ERBIL, Kurdistan Region – Turkey’s Prime Minister Binali Yildirim on Sunday revealed his country’s forces stationed in a base east of the Iraqi city of Mosul were supporting a Kurdish offensive against the Islamic State (IS).
In remarks carried by the state-run Anadolu Agency, Yildirim said the Kurdistan Region’s Peshmerga Forces “requested help” from the Turkish troops.
“Peshmerga forces moved to clear the town of Bashiqa from [IS]. They sought help from our soldiers there,” Yildirim stated.
“We [are] supporting them with artillery, tanks, and howitzers,” explained the Turkish Prime Minister.
There has been no confirmation by Kurdish officials of any Turkish participation in the offensive to capture the Ezidi Kurdish town of Bashiqa, some 12 miles north-east of Mosul.
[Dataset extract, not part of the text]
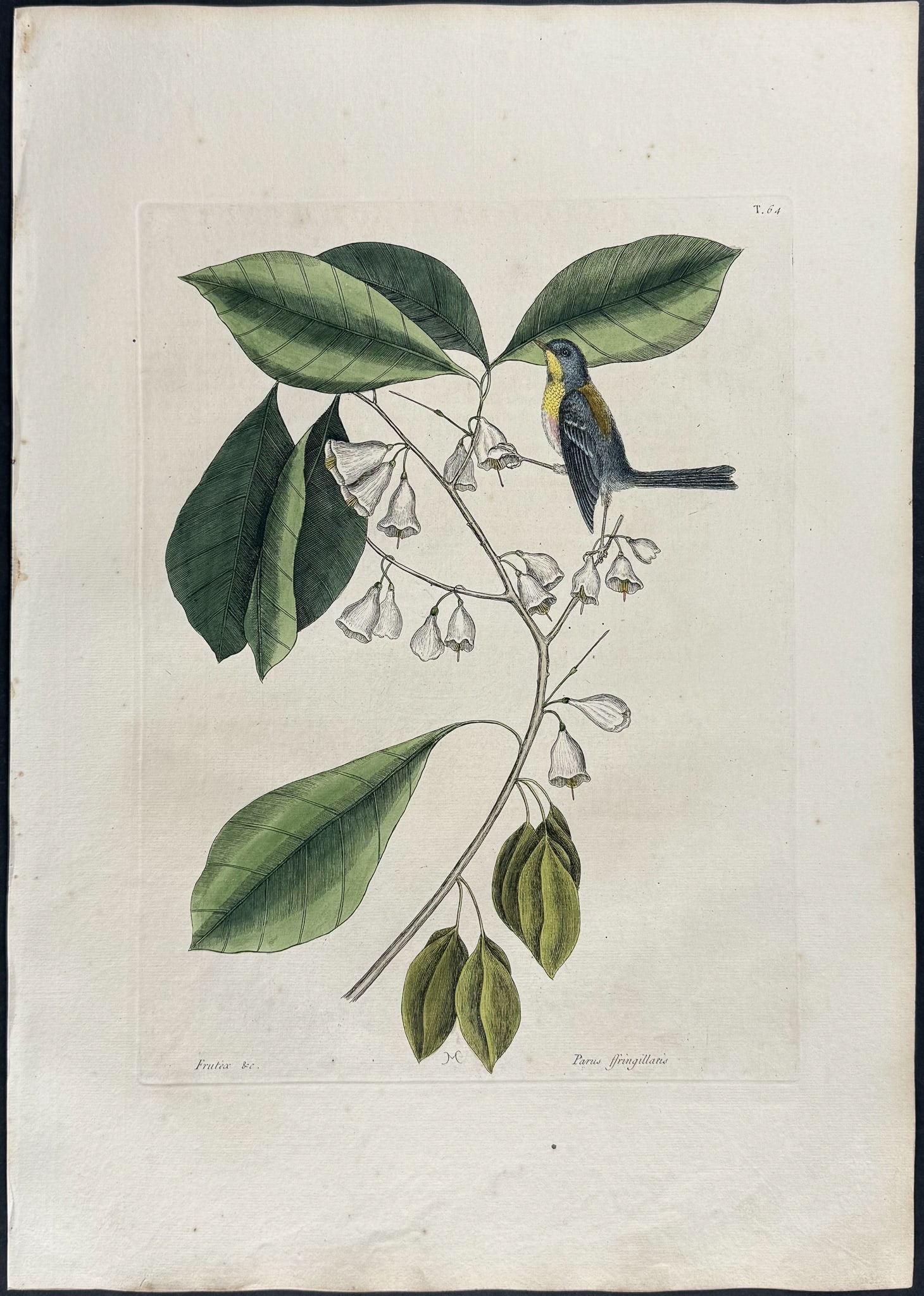 Catesby, First Ed - Finch Creeper. 1-64: We are pleased to offer this folio engraving from Mark Catesby?s The Natural History of Carolina, Florida and the Bahama Islands: Containing the Figures of Birds, Beasts, Fishes, Serpents, Insects, an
Yildirim’s revelation comes amid an almost two-months-old contention between his government and that of his Iraqi counterpart Haider al-Abadi.
The two have been in disagreement over the legality of the presence of Turkish troops on Iraqi soil since late 2015.
Iraq has repeatedly demanded a withdrawal of Turkish soldiers and strongly opposed their participation in the ongoing operation to recapture Mosul from the IS.
Turkey, on its part, has insisted on keeping its troops in Iraq, voicing concern about the security of the Sunni-majority population of Mosul who it argues may come under attacks by Iranian-backed Shia militias.
Peshmerga forces commenced an operation in the morning toward Bashiqa with aerial support from the United States-led Coalition forces that were bombing IS targets.
Since the operation to liberate Mosul began on Oct. 17, Kurdish and Iraqi forces have recaptured over 30 villages.